> **BRIEF**
With the pictures left out, write out exactly the lines of the listing below that run from the line with "To finish, we" through the line with "The Huawei Pura".

RECORDS FOR THE TASK Block Start

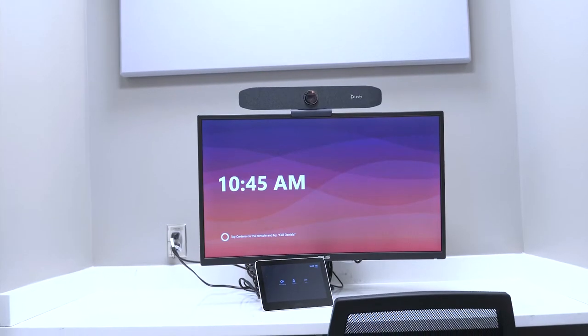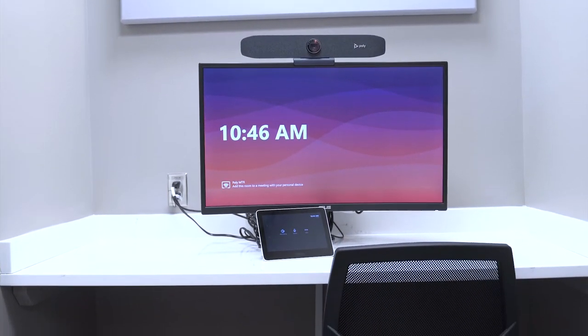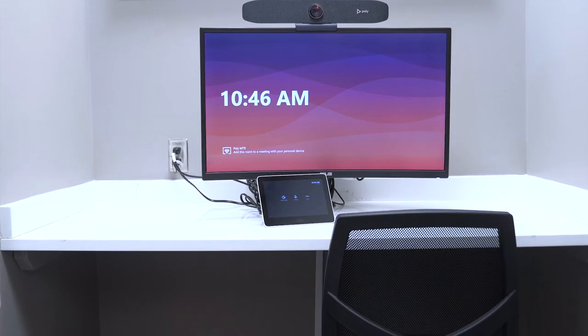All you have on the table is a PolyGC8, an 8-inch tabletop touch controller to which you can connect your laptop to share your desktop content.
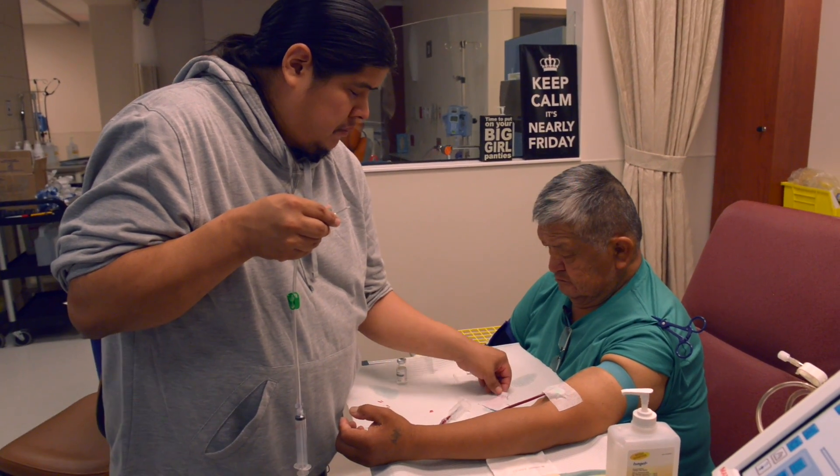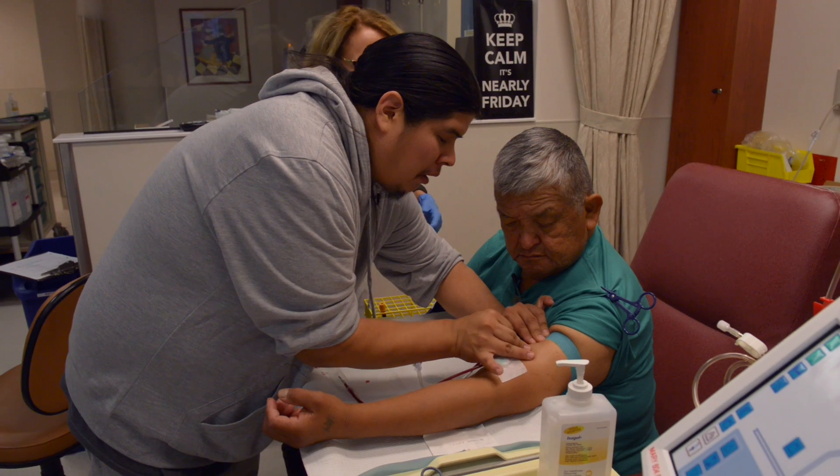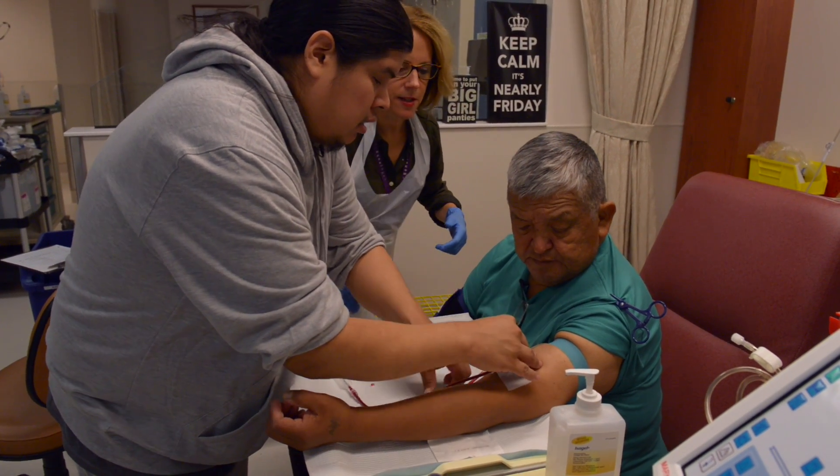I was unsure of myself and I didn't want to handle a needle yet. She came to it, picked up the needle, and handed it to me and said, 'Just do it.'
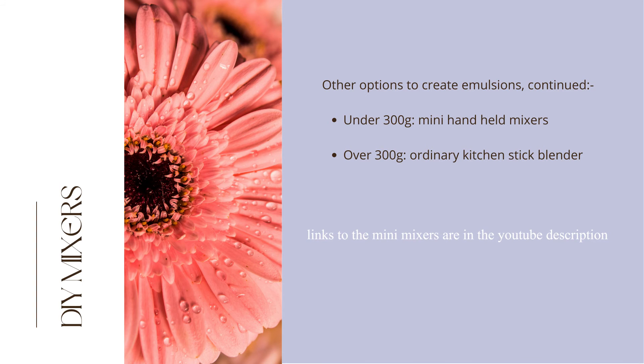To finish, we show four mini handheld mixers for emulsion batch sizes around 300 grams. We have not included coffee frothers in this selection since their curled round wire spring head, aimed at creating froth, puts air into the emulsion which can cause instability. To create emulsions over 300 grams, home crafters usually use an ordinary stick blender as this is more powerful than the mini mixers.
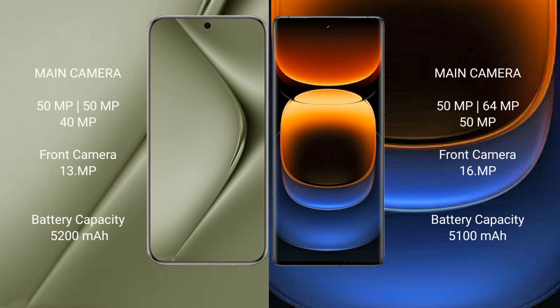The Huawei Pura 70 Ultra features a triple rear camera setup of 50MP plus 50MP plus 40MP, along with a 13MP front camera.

RECORDS FOR THE TASK Block End
RECORDS FOR THE TASK Block Start

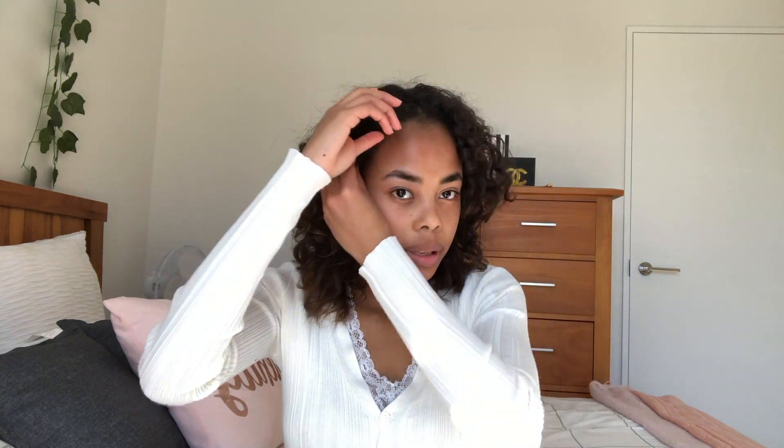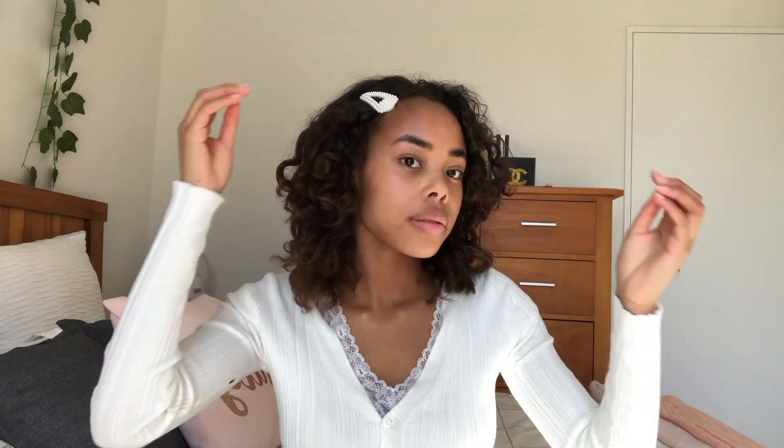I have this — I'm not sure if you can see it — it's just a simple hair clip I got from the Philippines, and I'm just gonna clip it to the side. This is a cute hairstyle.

RECORDS FOR THE TASK Block End

> **THE COMPLETED TASK**
To finish, we show four mini handheld mixers for emulsion batch sizes around 300 grams. We have not included coffee frothers in this selection since their curled round wire spring head, aimed at creating froth, puts air into the emulsion which can cause instability. To create emulsions over 300 grams, home crafters usually use an ordinary stick blender as this is more powerful than the mini mixers.
The Huawei Pura 70 Ultra features a triple rear camera setup of 50MP plus 50MP plus 40MP, along with a 13MP front camera.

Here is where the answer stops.